Für die Frankfurter Allgemeine Zeitung (FAZ) ist Dreyer eine Feministin und gehört dem linken Flügel der SPD an. Ein ­Widerspruch zu ihrer Rolle als »Landesmutter«? In der FAZ sagte sie: »Wenn ich auf Veranstaltungen bin, dann sagen total viele Leute: Sie sind ’ne prima Landesmutter. Am Anfang ist das seltsam, irgendwie. Inzwischen ist es so ein Stück Identifikation der Leute mit meinem Amt, meiner Person, das ist positiv.«

Der Wahlkampf ist personalisiert, um Inhalte geht es kaum. Im Vordergrund steht die Debatte über den Umgang mit Flüchtlingen. Dreyer spricht von gesamtgesellschaftlicher Politik, verantwortungsvoller Flüchtlingspolitik und von Menschlichkeit. Das bedeutet für sie: »schnellere Verfahren, mehr Anstrengungen für Integration, die Verteidigung des Asylrechts, Unterstützung für die Kommunen«. Man spiele die Menschen in Deutschland nicht gegeneinander aus. »Wir spielen Muslime nicht gegen Frauen aus. Wir spielen auch nicht Arbeitslose gegen Flüchtlinge aus. Wir denken Gesellschaft zusammen!« Diese Worte klingen sozial, dennoch unterstützt Dreyer die Bundes-SPD bei der Verschärfung der Asylgesetzgebung.
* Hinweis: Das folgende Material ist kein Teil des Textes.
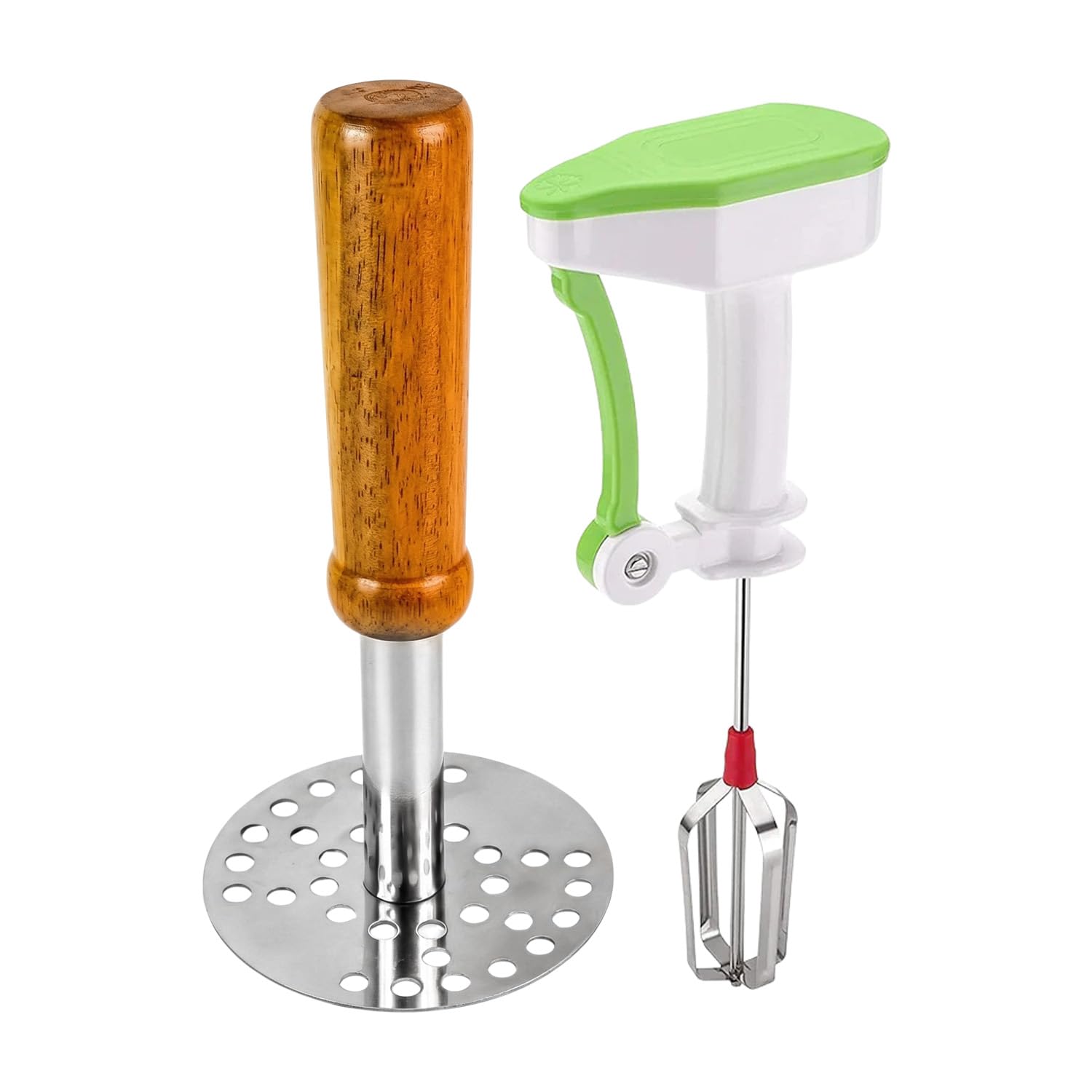 Wukusy combo set with steel potato masher and manual blender for mashing, blending, and cooking in the kitchen.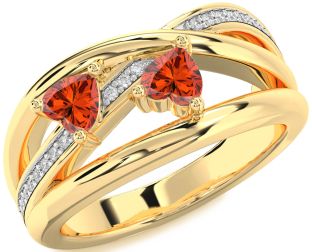 Diamond Fire Opal Gold Two Heart Ring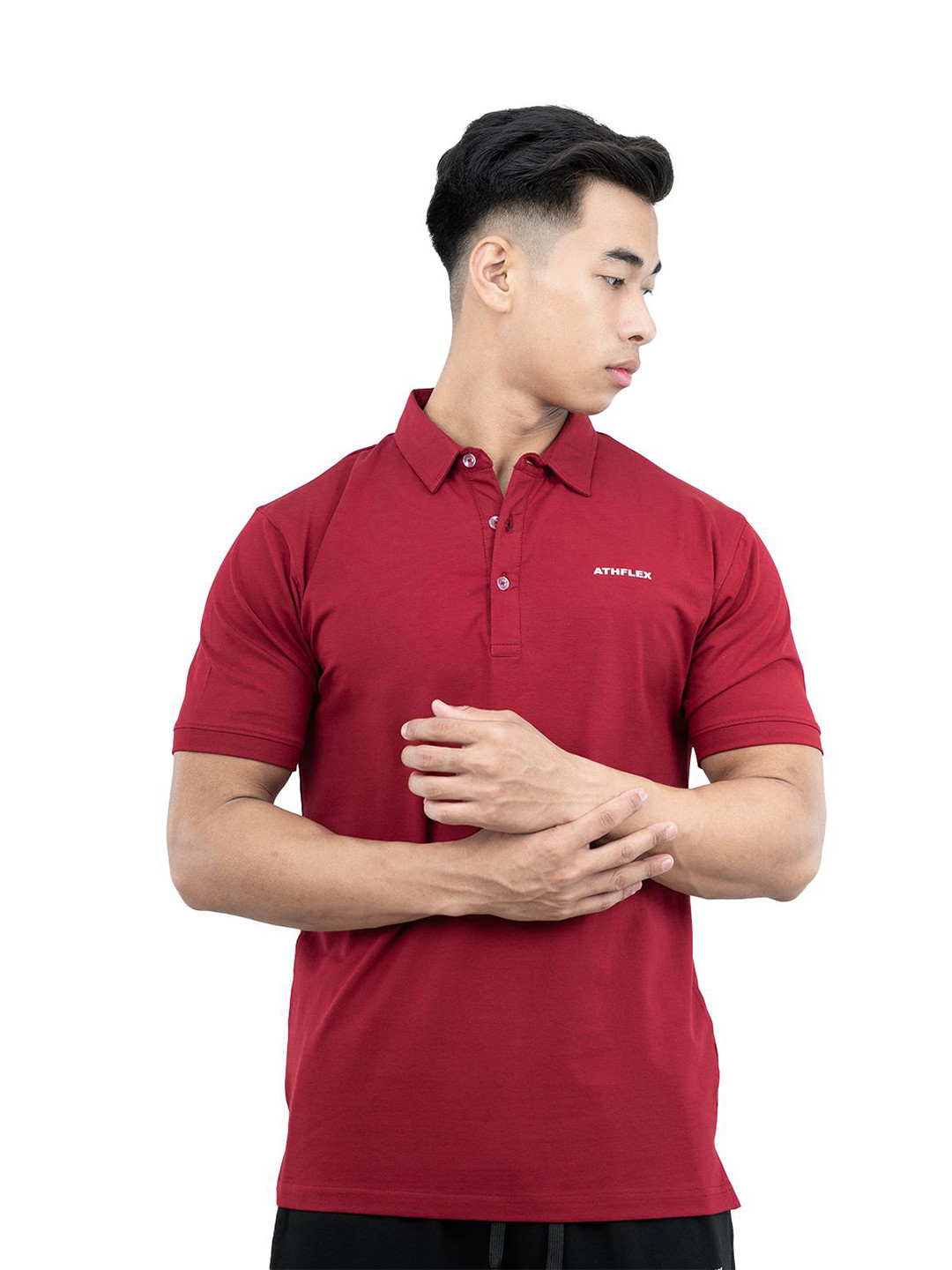 Athflex Flex Within Polo Collar Slim Fit Natty Cotton T-Shirt
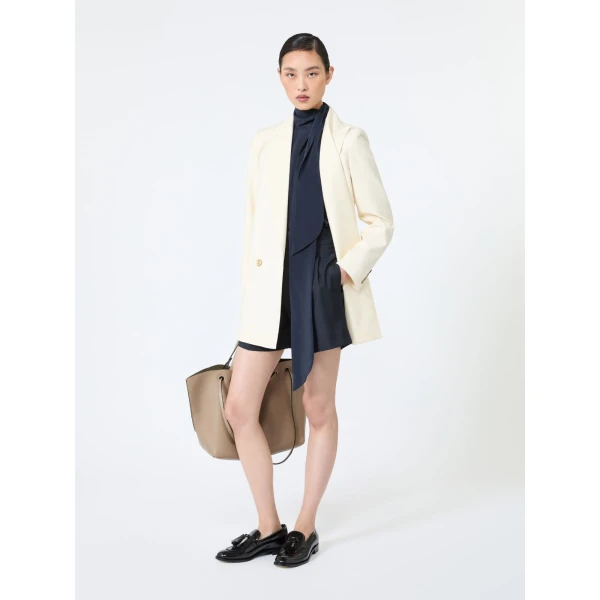 Max Mara Fune Sleeveless Crepe de Chine Top in Ultramarine | Sleeveless | Coveti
Klöckner dagegen stellt sich in der Flüchtlingspolitik wie der bayerische Ministerpräsident Horst Seehofer (CSU) gegen die Politik von Bundeskanzlerin Angela Merkel (CDU). Ohne ihre Parteifreundin direkt anzugreifen, fordert Klöckner Tageskontingente für Flüchtlinge. Das Programm nennt sie »A2« – es soll eine Fortsetzung der Flüchtlingspolitik Merkels sein, kein Gegenprogramm im Sinne eines Plan B. Die Bevölkerung in Rheinland-Pfalz ist empfänglich für rechtspopulistische Parolen. So ergänzten in einer SWR-Umfrage 45 Prozent der Befragten den Satz »Die vielen Flüchtlinge … « mit »machen mir Angst«.

Diese Angst spiegelt sich auch in den Umfrageergebnissen der AfD wider. Seit November stiegen sie von fünf auf neun Prozent. Nun konkurriert die AfD mit den Grünen, die derzeit bei acht Prozent stehen, um den Status als drittstärkste Partei. Dreyer wehrt sich gegen die AfD. Sie weigerte sich, an einer vom SWR geplanten »Elefantenrunde« mit dem AfD-Spitzenkandidaten Uwe Junge teilzunehmen. Im Interview mit Deutschlandradio Kultur sagte Dreyer über die Funktionäre der AfD: »Diese Menschen sind zu großen Teilen rechtsradikal und rassistisch.«

In der Tat gehört Junge selbst in der AfD noch zum rechten Rand. Nach 35 Jahren Mitgliedschaft trat er aus der CDU aus – mit der Begründung, konservative Werte flössen zu wenig in die Politik der Partei ein. Schuld daran ist für ihn die CDU-Generation um Merkel. Zeitweilig war Junge Mitglied der rechtspopulistischen Splitterpartei »Die Freiheit«, die inzwischen vom Verfassungsschutz beobachtet wird. Schon 2011 trat Junge bei »Die Freiheit« wieder aus, vor drei Jahren ging er zur AfD. »Der Islam ist keine Religion des Friedens«, sagte der frühere Berufssoldat, der mit der Bundeswehr in Afghanistan stationiert war, der Zeit. Seit den Anschlägen vom 11. September und seiner Zeit als Soldat beschäftigte er sich mit dem Islam und besuchte regelmäßig Moscheen in Hamburg, wobei er auch an Gebeten teilnahm. Sein Fazit aus diesen Erfahrungen lautet: »Der Islam passt nicht zu unserer Kultur und zu Deutschland.«

Also auch nicht zu Rheinland-Pfalz. CDU und AfD bedienen und schüren dort rechte Ressentiments. Die beiden ­Parteien grenzen sich von einander ab, ihre Parolen jedoch ähneln sich immer mehr.